You can imagine how difficult that would make it for the average beach goer like you or me to get out of a rip current – or get caught up in one. At this point, you’re probably wondering how to avoid that particular predicament, right?

As with many things, awareness is key. You need to know what you’re looking for to steer clear of rip currents. Perhaps the biggest red flag is a calm patch of water between two opposing sets of breakers. It may look like a nice, clear path to swim in, but it’s actually the opposite.

If you think you can avoid a rip current by staying in relatively shallow water, think again – experts say most people find themselves in rip currents when they are wading in waist deep water. They go under and come back up only to find they are far from where they originally were.

Enter, staying calm. It’s crucial not to panic if you get caught in a rip current, because it’s going to take all of the energy you have to get out of it. Save you energy and, whatever you do, don’t try swimming against the rip current to try to get back to shore. It won’t work, and you’ll just exhaust yourself.

Rather, the National Oceanic and Atmospheric Administration (NOAA) and the United States Lifesaving Association (USLA) both recommend swimming parallel to the shore if you can. If you can do that and get out of the current, then you can turn and swim straight for shore.

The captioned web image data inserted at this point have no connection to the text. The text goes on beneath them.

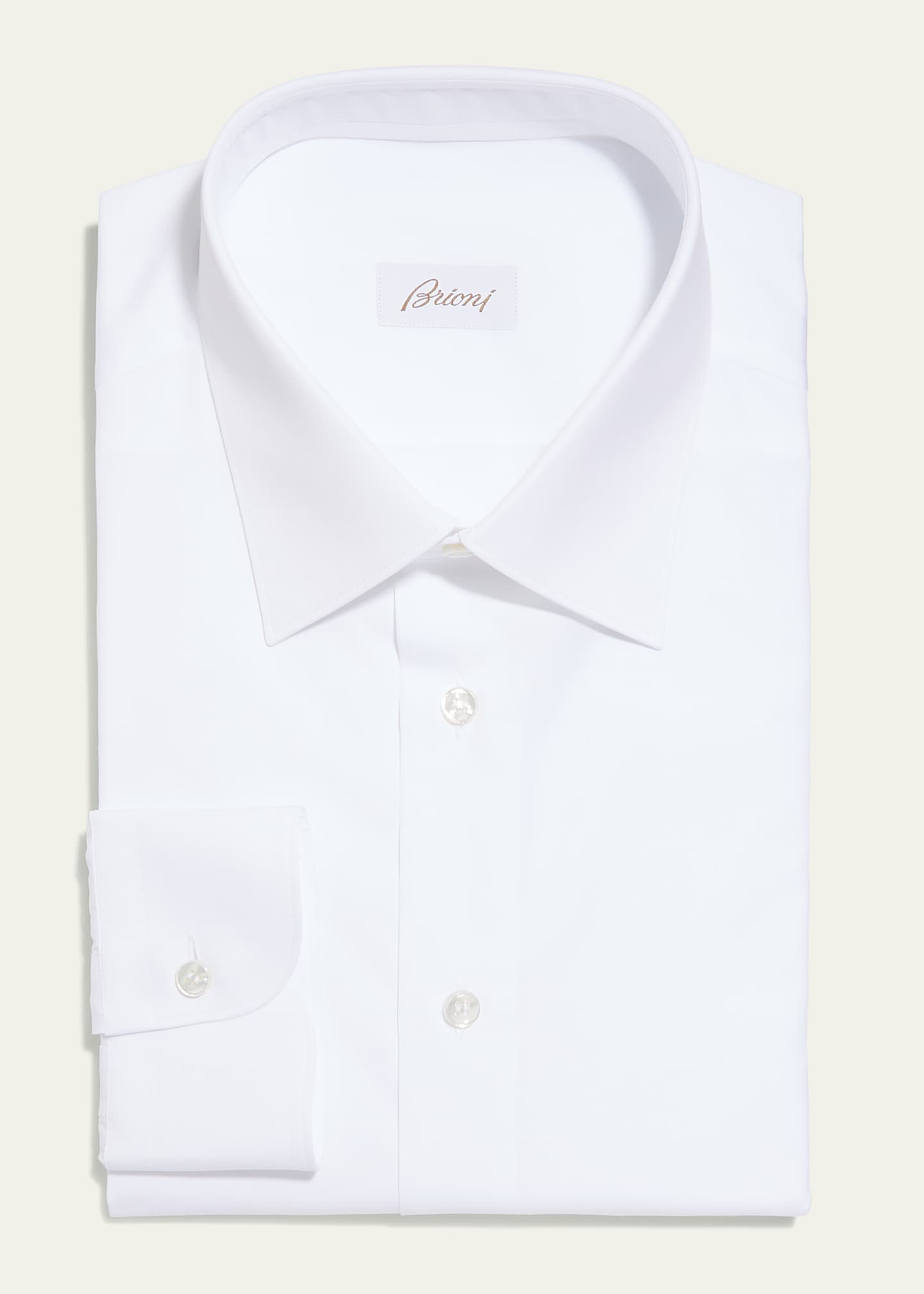 Brioni Wardrobe Essential Solid Dress Shirt, White Image 2 of 3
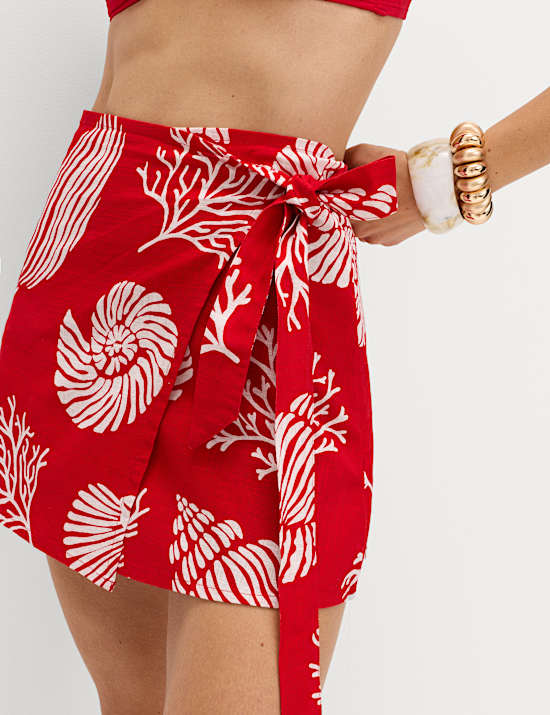 Pure Cotton Printed Wrap Mini Beach Skirt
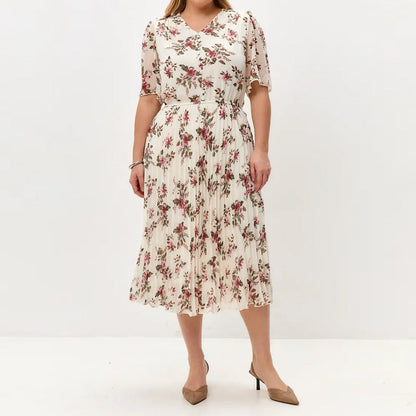 Fustă plisată florală elegantă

If swimming parallel and getting out of the current is causing you to struggle too much, you might have to go with the flow, so to speak. What does this entail? Floating or treading water until the current naturally lets you go at some point. When that happens, you’ll be free to head back to shore.

And if you happen to see someone caught in a rip current, it’s better not to try to save them. Yes, that’s the altruistic thing to do and, for most people, it’s the instinct that kicks in first. However, the very best thing you can do for that person in that moment is to call 911 or find a flotation device to toss in their direction. What you don’t want is to get pulled in the rip current too and find both of you drifting out to sea, exhausted and scared.

When in doubt, just remember to stay calm. Keeping your wits about you is one of the best defenses one can have when facing a rip current.